Mais il s’est aussi inquiété de la manière dont « la vague migratoire actuelle semble miner les bases de cet esprit humaniste que l’Europe aime et défend depuis toujours » ; esprit qu’il avait vanté dans ses discours aux institutions européennes à Strasbourg le 25 novembre 2014. « On ne peut pas se permettre de perdre les valeurs et les principes d’humanité, de respect pour la dignité de toute personne, de subsidiarité et de solidarité réciproque, bien qu’ils puissent, à certains moments de l’histoire, constituer un fardeau difficile à porter », a déclaré le pape, dont le discours survient dans un contexte de montée des replis nationaux à travers le continent.

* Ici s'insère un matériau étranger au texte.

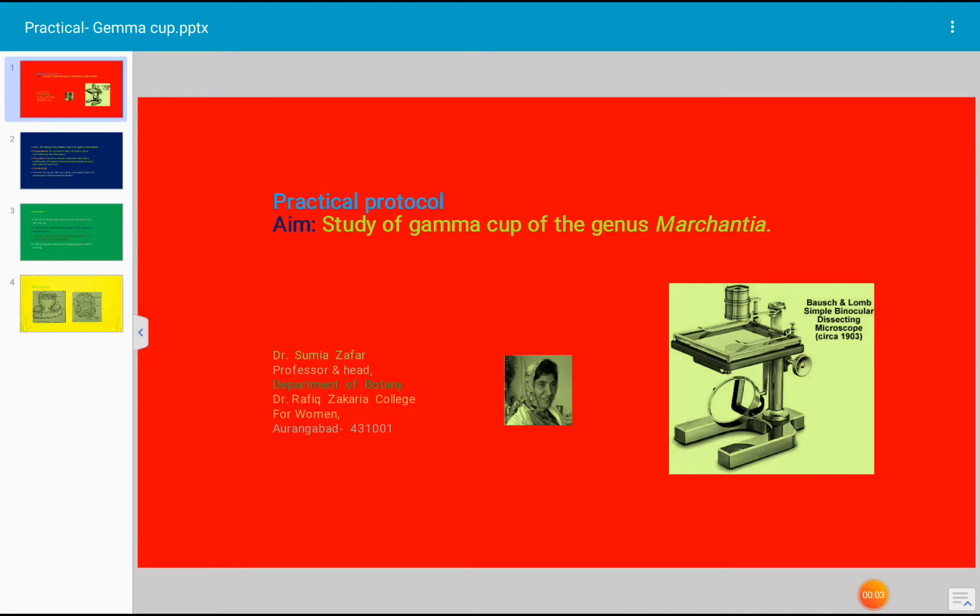Today's topic for discussion is a practical protocol of bryophytes. Today's practical is the study of gemma cup of the genus Marchantia. Marchantia is a bryophytic plant that produces gemma cups. Let us see the practical of gemma cup next.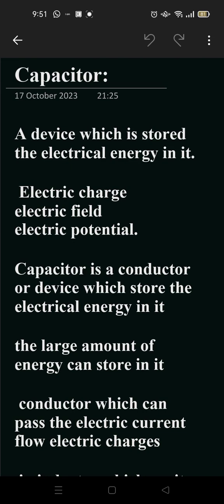Hi everyone, so today in this video we are going to discuss about capacitors, a device which stores electrical energy. It is known as capacitors, so electric energy.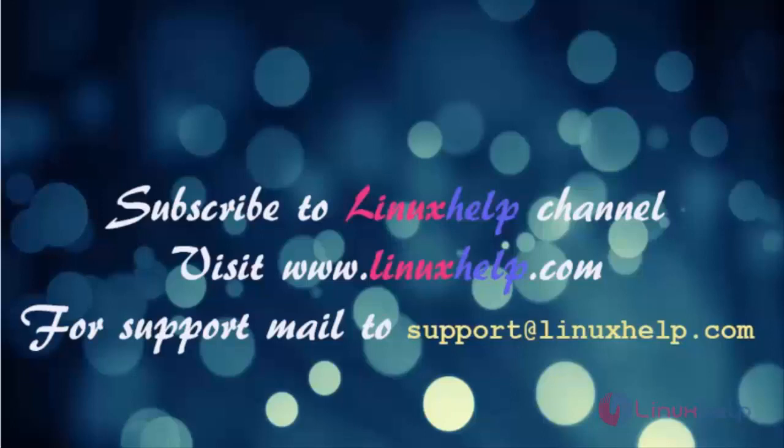Thanks for watching this video. Please subscribe to our channel linuxhelp for further tutorials. Visit linuxhelp.com. Any queries, mail us to support@linuxhelp.com.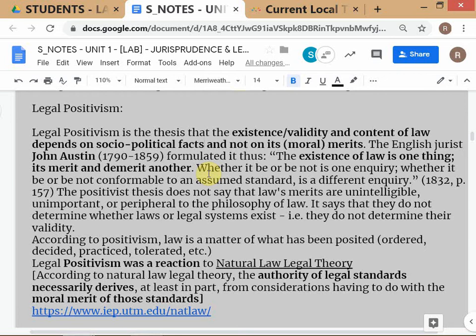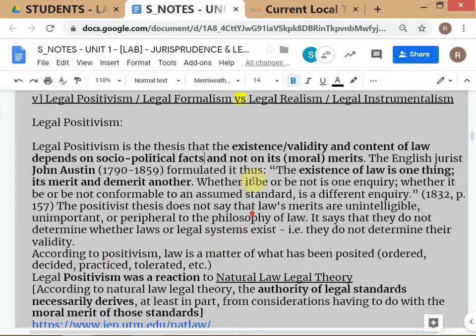In England, if parliament passes a law and the queen signs it, it is a law. The moral merit of the law is of no relevance for determining its validity. This is clear. You can agree with either position, but we are trying to understand them. Legal positivism focuses on the process by which the law is made, not on the moral merit of the law. Formalism is very closely related to positivism.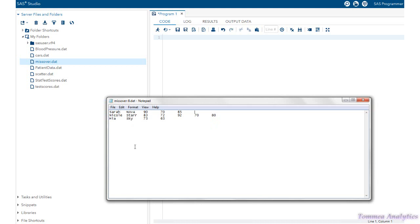So we have to tell SAS that we're using a tab delimiter. By default, SAS recognizes spaces as the default delimiter.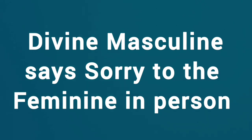In this channeling session, I am being given a collective message. And my dear friends, I want to make a request to you all before I share this message.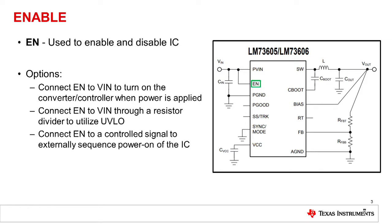And lastly, you can connect the enable to a controlled signal, such as from an MCU or some sort of control device, which is capable of sequencing the power on of this IC, possibly with additional ICs.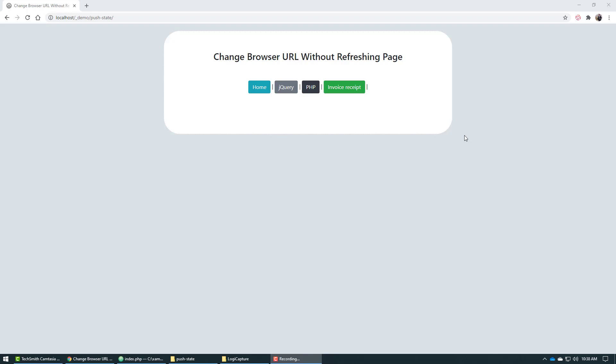Have you ever wanted to change your browser URL without refreshing the page? And I don't mean just by hashtag, I mean an actual real URL. If that's something you're looking for, this training video is just for you where I'm going to show you exactly how easy it is to do that, and it's going to revolutionize your web development project.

Bientôt à la frontière entre le Mexique et les Etats-Unis
Entre fermeture complète et ouverture inconséquente, c’est un « juste équilibre » qu’il demande à l’Europe de trouver. Celui « entre le double devoir moral de protéger les droits de ses propres citoyens et celui de garantir l’assistance et l’accueil des migrants ». Le pape, qui avait lancé un appel le 6 septembre dernier à ce que chaque paroisse et monastère d’Europe accueille au moins une famille de réfugiés, s’est dit confiant que « l’Europe, aidée par son grand patrimoine culturel et religieux, a les instruments pour défendre la centralité de la personne humaine ».
La même recherche d’équilibre doit guider aussi l’intégration des migrants. « L’accueil peut être une occasion propice pour une nouvelle compréhension et ouverture d’horizon, tant pour celui qui est accueilli, lequel a le devoir de respecter les valeurs, les traditions et les lois de la communauté qui l’héberge, que pour cette dernière, appelée à valoriser tout ce que chaque immigré peut offrir à l’avantage de toute la communauté », a fait valoir le pape, pour qui cet accueil peut également répondre à la « perte d’identité – aussi religieuse – que connaît dramatiquement l’Occident », où elle fait le terreau du fondamentalisme.
Autant de thèmes que le pape pourrait approfondir dans ses voyages au cours de l’année. Assurément à la frontière entre le Mexique et les États-Unis, où il se rendra le mois prochain. Peut-être aussi à la faveur d’un déplacement éventuel à Malte, autre poste avancé des flux migratoires. Ou encore en Pologne, où il est attendu pour les JMJ fin juillet.